• ACTIVITY: Present each line of the entries below that holds the word "example".

• INPUT FOR THIS TASK:
((
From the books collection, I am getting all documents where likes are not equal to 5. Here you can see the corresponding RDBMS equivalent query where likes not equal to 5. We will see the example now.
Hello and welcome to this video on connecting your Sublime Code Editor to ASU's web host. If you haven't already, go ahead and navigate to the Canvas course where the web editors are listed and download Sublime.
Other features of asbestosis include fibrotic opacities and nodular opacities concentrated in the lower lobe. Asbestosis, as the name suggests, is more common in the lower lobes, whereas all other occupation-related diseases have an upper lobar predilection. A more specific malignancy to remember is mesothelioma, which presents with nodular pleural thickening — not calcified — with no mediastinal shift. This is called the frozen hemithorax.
))
((
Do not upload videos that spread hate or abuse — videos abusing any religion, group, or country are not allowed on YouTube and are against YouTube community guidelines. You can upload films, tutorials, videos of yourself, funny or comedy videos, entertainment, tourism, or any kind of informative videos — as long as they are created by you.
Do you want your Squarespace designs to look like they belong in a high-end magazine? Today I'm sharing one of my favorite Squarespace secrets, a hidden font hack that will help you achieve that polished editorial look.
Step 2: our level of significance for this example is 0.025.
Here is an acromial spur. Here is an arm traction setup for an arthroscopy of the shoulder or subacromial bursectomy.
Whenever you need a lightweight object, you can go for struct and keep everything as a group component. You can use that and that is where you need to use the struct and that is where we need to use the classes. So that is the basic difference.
))
• YOUR RESPONSE:
From the books collection, I am getting all documents where likes are not equal to 5. Here you can see the corresponding RDBMS equivalent query where likes not equal to 5. We will see the example now.
Step 2: our level of significance for this example is 0.025.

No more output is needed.